The obsessive focus on herself was very evident as was the confluence with and excessive influence by her environment; in fact she compared herself to clay, easily moulded by others. During one session I asked her to draw how she experiences herself. Using a pencil she drew two faint ‘fat’ circles at one end of the page and some firm straight lines at the other; the fat circles were her and her mother and the thin straight lines were the other girls and women she knew.
“.….I’m fighting a constant battle with food….and hating my body image.……… All I want to do is break down. Because I’m tired. I’m tired of trying to be liked by everyone….. Im tired of beating myself up every time I look in the mirror, I’m tired of feeling like crap every day because I’m not like other more attractive girls, more successful people..… I can’t change who I am……”
In my early interventions, I supported her to become more aware of her eating patterns (food diary) and its repercussions, including the physical, emotional and social aspects, without recreating the shaming experience, induced by society and her family. Months after starting therapy, Ema started to eat more, gain weight and her menstrual cycles returned to their usual pattern; this was a clear indication that our therapeutic relationship was having its benefits. In the same parallel process as with her anorexia, she was nourishing more on food the way she was on my presence (Merian, 1991). Although encouraging this outcome was not the end of therapy but a positive step in a very long and tortuous journey towards her self integration which is still ongoing after 7 years.
“I cannot say that I’ve managed to remove all that shame I’ve carried for so long ..and don’t think it will ever go away ..I am ashamed about a lot of things …I was scared to face them …..learn to accept it ..to face it and have the courage to say that yes I am vulnerable, I have failed and I have felt ashamed over and over again…..this is what I want….I want self acceptance.”

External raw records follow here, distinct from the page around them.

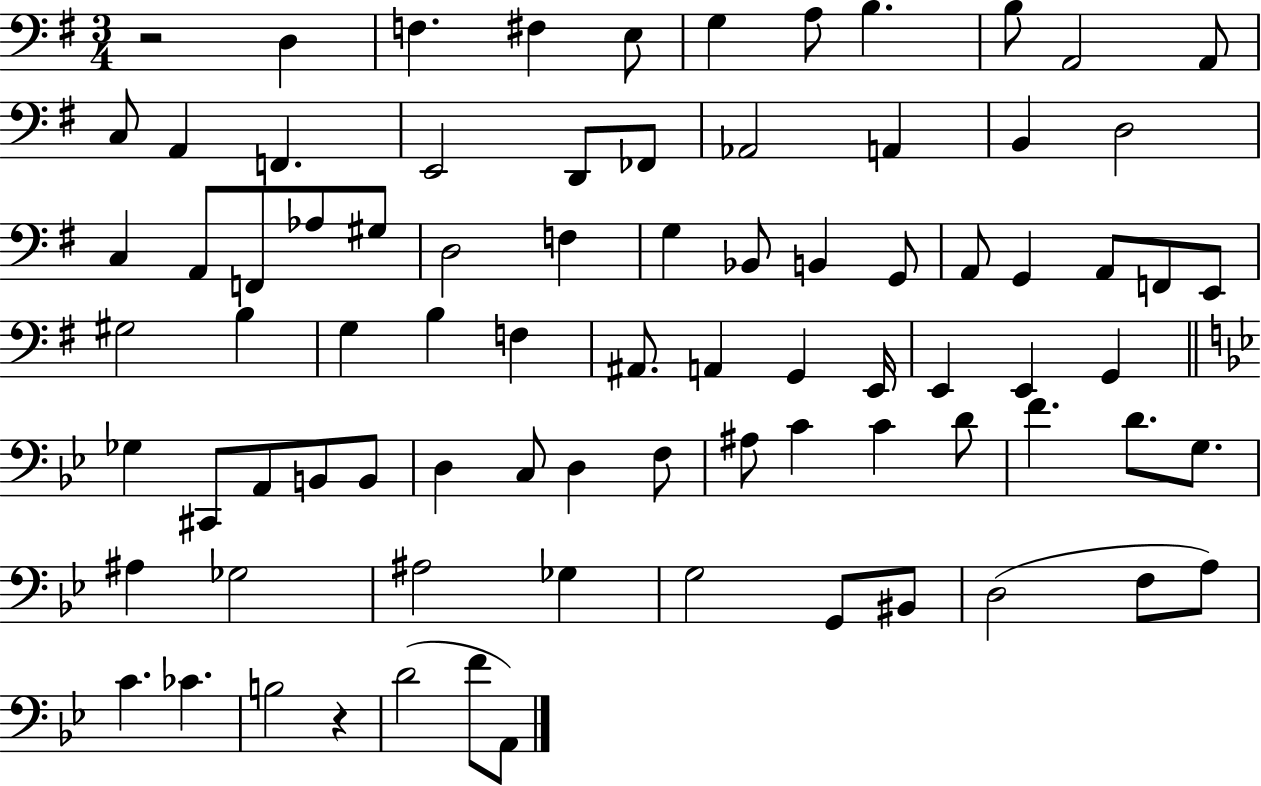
R/h D3/q F3/q. F#3/q E3/e G3/q A3/e B3/q. B3/e A2/h A2/e C3/e A2/q F2/q. E2/h D2/e FES2/e Ab2/h A2/q B2/q D3/h C3/q A2/e F2/e Ab3/e G#3/e D3/h F3/q G3/q Bb2/e B2/q G2/e A2/e G2/q A2/e F2/e E2/e G#3/h B3/q G3/q B3/q F3/q A#2/e. A2/q G2/q E2/s E2/q E2/q G2/q Gb3/q C#2/e A2/e B2/e B2/e D3/q C3/e D3/q F3/e A#3/e C4/q C4/q D4/e F4/q. D4/e. G3/e. A#3/q Gb3/h A#3/h Gb3/q G3/h G2/e BIS2/e D3/h F3/e A3/e C4/q. CES4/q. B3/h R/q D4/h F4/e A2/e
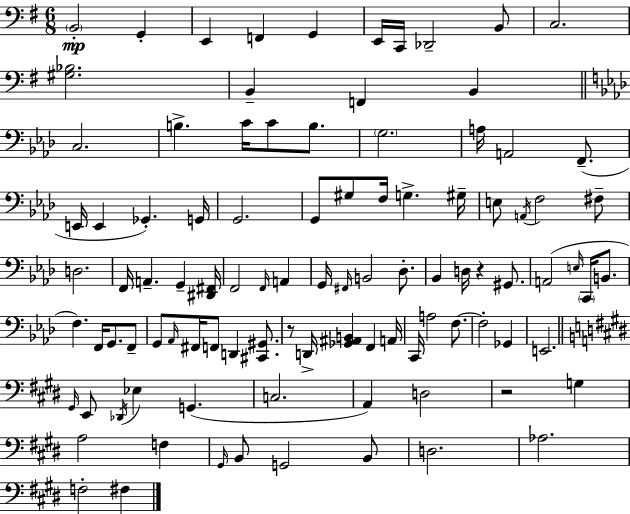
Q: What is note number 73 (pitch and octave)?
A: G#2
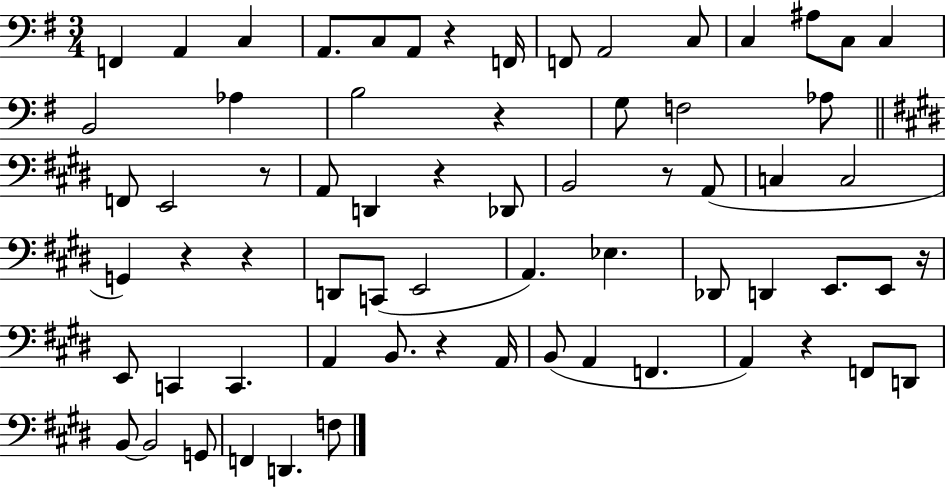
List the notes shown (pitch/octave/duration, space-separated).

F2/q A2/q C3/q A2/e. C3/e A2/e R/q F2/s F2/e A2/h C3/e C3/q A#3/e C3/e C3/q B2/h Ab3/q B3/h R/q G3/e F3/h Ab3/e F2/e E2/h R/e A2/e D2/q R/q Db2/e B2/h R/e A2/e C3/q C3/h G2/q R/q R/q D2/e C2/e E2/h A2/q. Eb3/q. Db2/e D2/q E2/e. E2/e R/s E2/e C2/q C2/q. A2/q B2/e. R/q A2/s B2/e A2/q F2/q. A2/q R/q F2/e D2/e B2/e B2/h G2/e F2/q D2/q. F3/e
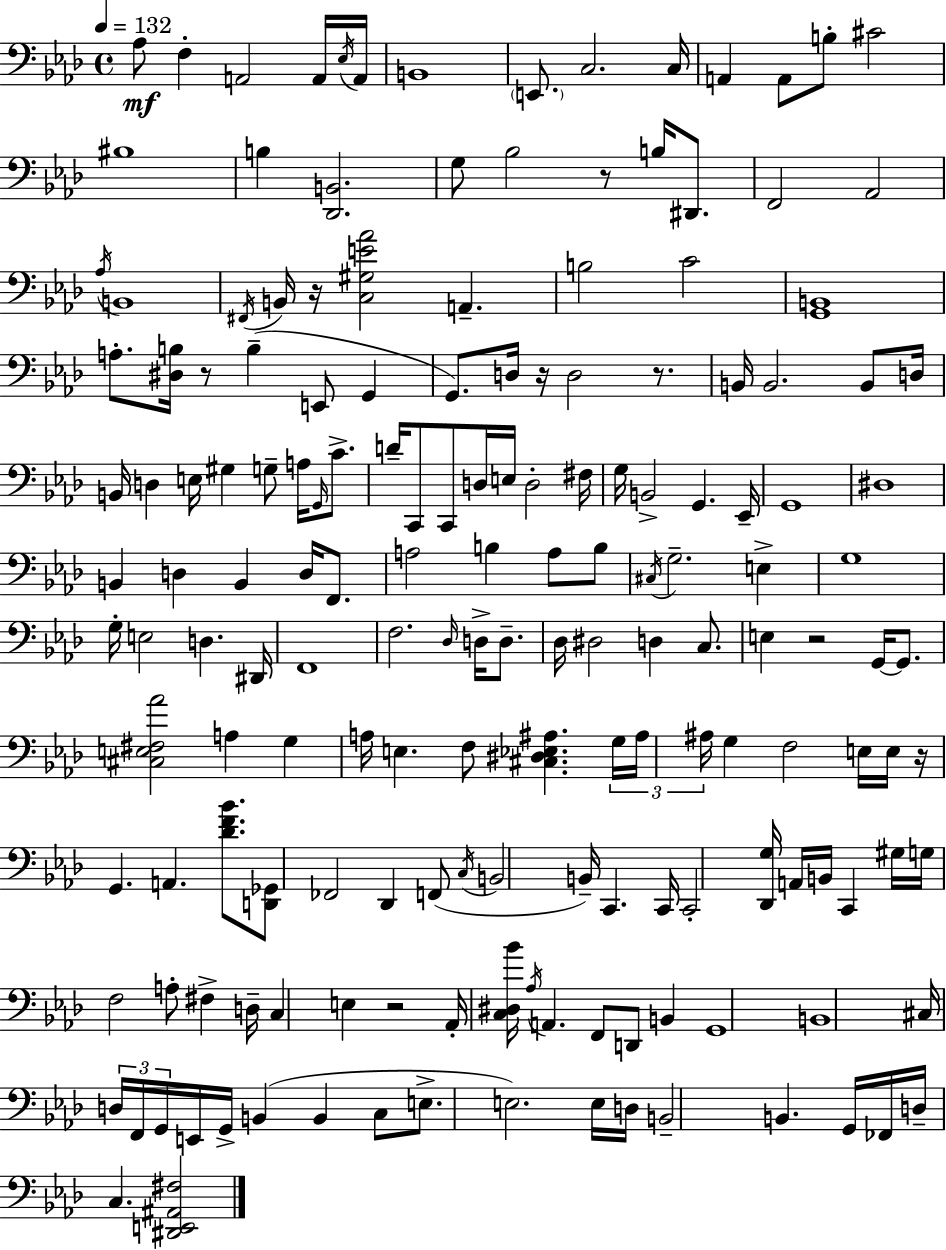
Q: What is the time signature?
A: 4/4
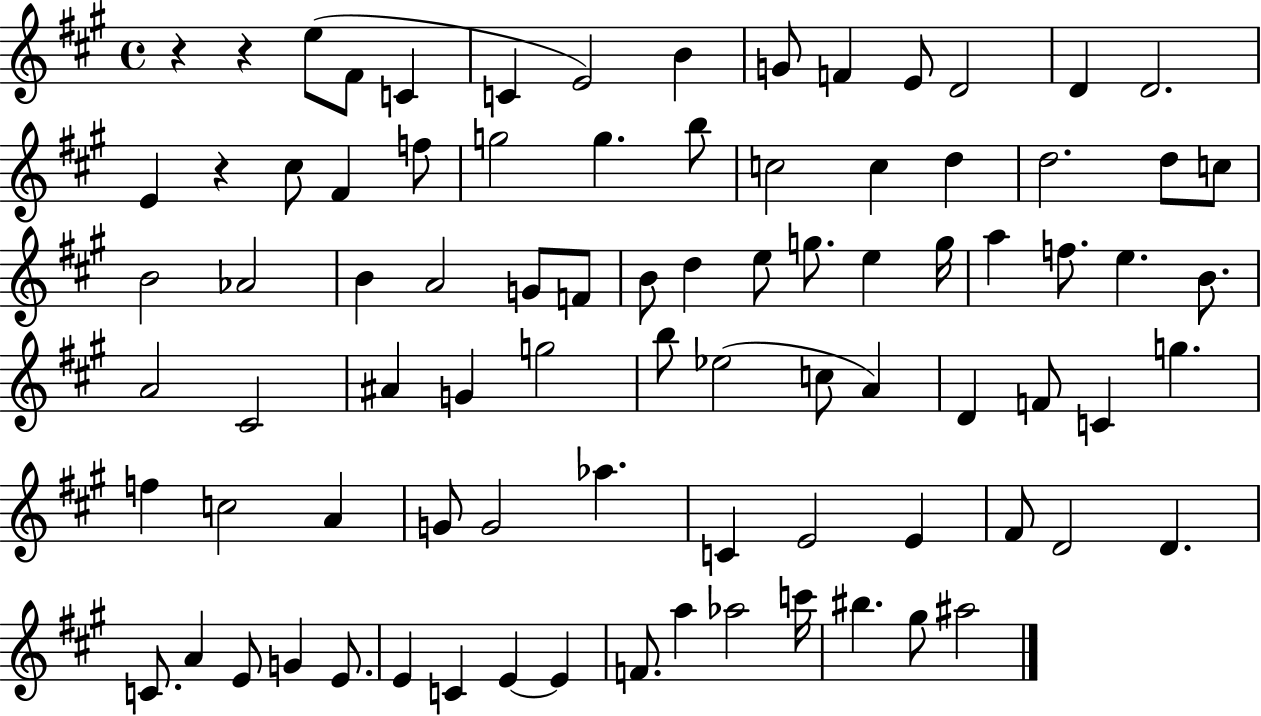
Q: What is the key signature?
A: A major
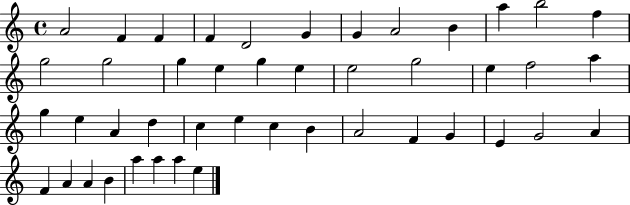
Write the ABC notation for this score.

X:1
T:Untitled
M:4/4
L:1/4
K:C
A2 F F F D2 G G A2 B a b2 f g2 g2 g e g e e2 g2 e f2 a g e A d c e c B A2 F G E G2 A F A A B a a a e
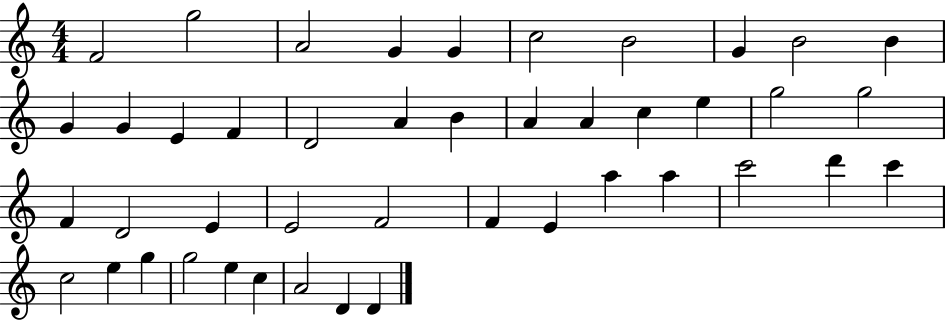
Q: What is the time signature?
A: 4/4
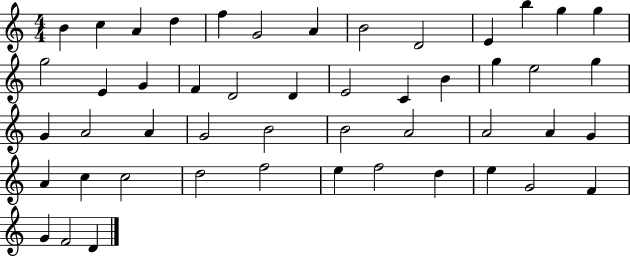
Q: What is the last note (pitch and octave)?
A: D4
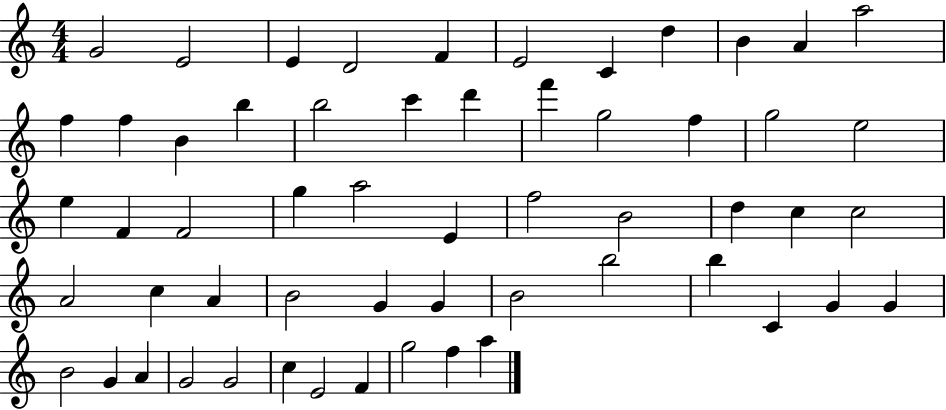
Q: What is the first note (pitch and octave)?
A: G4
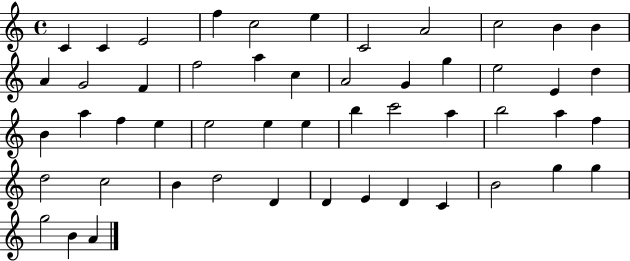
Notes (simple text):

C4/q C4/q E4/h F5/q C5/h E5/q C4/h A4/h C5/h B4/q B4/q A4/q G4/h F4/q F5/h A5/q C5/q A4/h G4/q G5/q E5/h E4/q D5/q B4/q A5/q F5/q E5/q E5/h E5/q E5/q B5/q C6/h A5/q B5/h A5/q F5/q D5/h C5/h B4/q D5/h D4/q D4/q E4/q D4/q C4/q B4/h G5/q G5/q G5/h B4/q A4/q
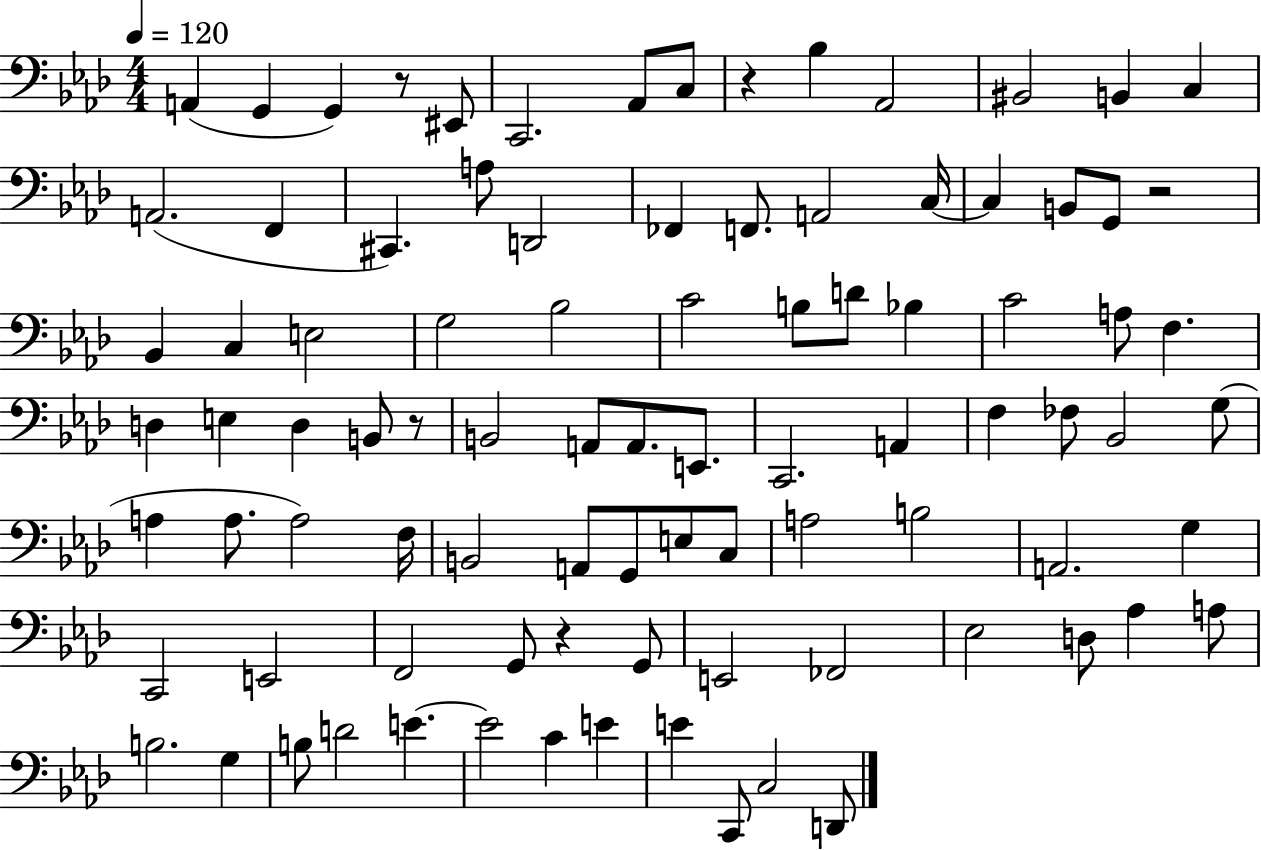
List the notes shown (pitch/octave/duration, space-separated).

A2/q G2/q G2/q R/e EIS2/e C2/h. Ab2/e C3/e R/q Bb3/q Ab2/h BIS2/h B2/q C3/q A2/h. F2/q C#2/q. A3/e D2/h FES2/q F2/e. A2/h C3/s C3/q B2/e G2/e R/h Bb2/q C3/q E3/h G3/h Bb3/h C4/h B3/e D4/e Bb3/q C4/h A3/e F3/q. D3/q E3/q D3/q B2/e R/e B2/h A2/e A2/e. E2/e. C2/h. A2/q F3/q FES3/e Bb2/h G3/e A3/q A3/e. A3/h F3/s B2/h A2/e G2/e E3/e C3/e A3/h B3/h A2/h. G3/q C2/h E2/h F2/h G2/e R/q G2/e E2/h FES2/h Eb3/h D3/e Ab3/q A3/e B3/h. G3/q B3/e D4/h E4/q. E4/h C4/q E4/q E4/q C2/e C3/h D2/e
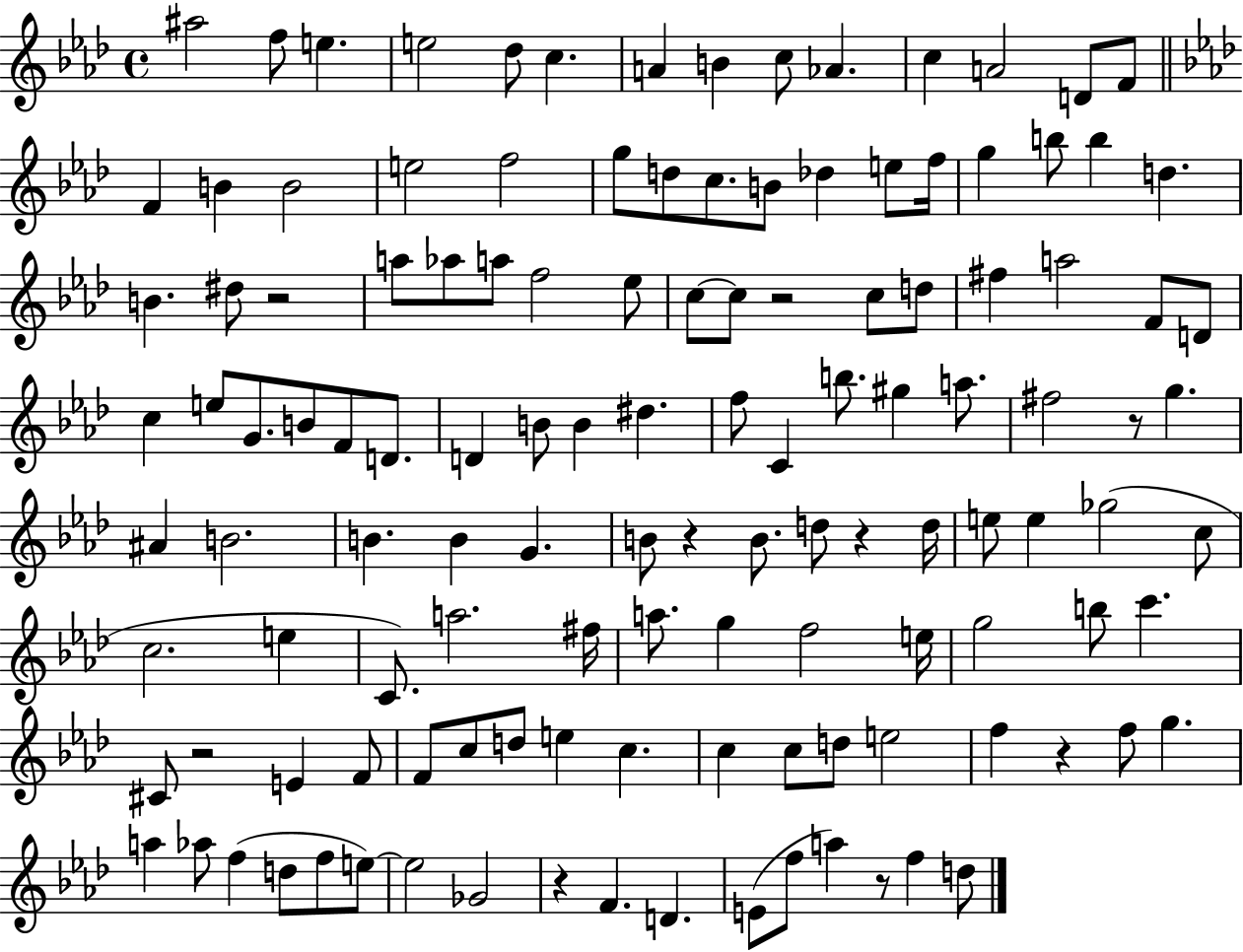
{
  \clef treble
  \time 4/4
  \defaultTimeSignature
  \key aes \major
  \repeat volta 2 { ais''2 f''8 e''4. | e''2 des''8 c''4. | a'4 b'4 c''8 aes'4. | c''4 a'2 d'8 f'8 | \break \bar "||" \break \key f \minor f'4 b'4 b'2 | e''2 f''2 | g''8 d''8 c''8. b'8 des''4 e''8 f''16 | g''4 b''8 b''4 d''4. | \break b'4. dis''8 r2 | a''8 aes''8 a''8 f''2 ees''8 | c''8~~ c''8 r2 c''8 d''8 | fis''4 a''2 f'8 d'8 | \break c''4 e''8 g'8. b'8 f'8 d'8. | d'4 b'8 b'4 dis''4. | f''8 c'4 b''8. gis''4 a''8. | fis''2 r8 g''4. | \break ais'4 b'2. | b'4. b'4 g'4. | b'8 r4 b'8. d''8 r4 d''16 | e''8 e''4 ges''2( c''8 | \break c''2. e''4 | c'8.) a''2. fis''16 | a''8. g''4 f''2 e''16 | g''2 b''8 c'''4. | \break cis'8 r2 e'4 f'8 | f'8 c''8 d''8 e''4 c''4. | c''4 c''8 d''8 e''2 | f''4 r4 f''8 g''4. | \break a''4 aes''8 f''4( d''8 f''8 e''8~~) | e''2 ges'2 | r4 f'4. d'4. | e'8( f''8 a''4) r8 f''4 d''8 | \break } \bar "|."
}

Ema’s parents separated a year after she started therapy and she decided to move in with her father in a much smaller house as she found it difficult to move in with her mother and her new partner. She now goes out most of the weekends, has a small circle of friends and even went to Ireland for 5 months with three fellow students on an Erasmus program; there she met her first boyfriend and had her first experiences in love and intimacy. They are still together to this present day.
This is where the journeying butterfly is at the moment, more aware of her beauty even if she still struggles to adapt to living more in the light after having been in the darkness for so long.
Byng-Hall, J. (1985). The family script: A Useful Bridge between Theory and Practice. Journal of Family Therapy: 7: 301-305
Diagnostic and Statistical Manual of Mental Disorders (Fifth Edition). American Psychiatric Association. 2013
McDougall, Joyce. (1989). Theatres of the Body: A psychoanalytic approach to psychosomatic illness. Free Association Books
Merian, Sally. D. (1991). The Use of Gestalt Psychotherapy in Patients Suffering from Bulimia. The British Gestalt Journal, 1993, 2, 125-130.
Roos, S. (2001). Theory Development: Chronic Sorrow and the Gestalt Construct of Closure. Gestalt Review, 5(4):289–310, 2001.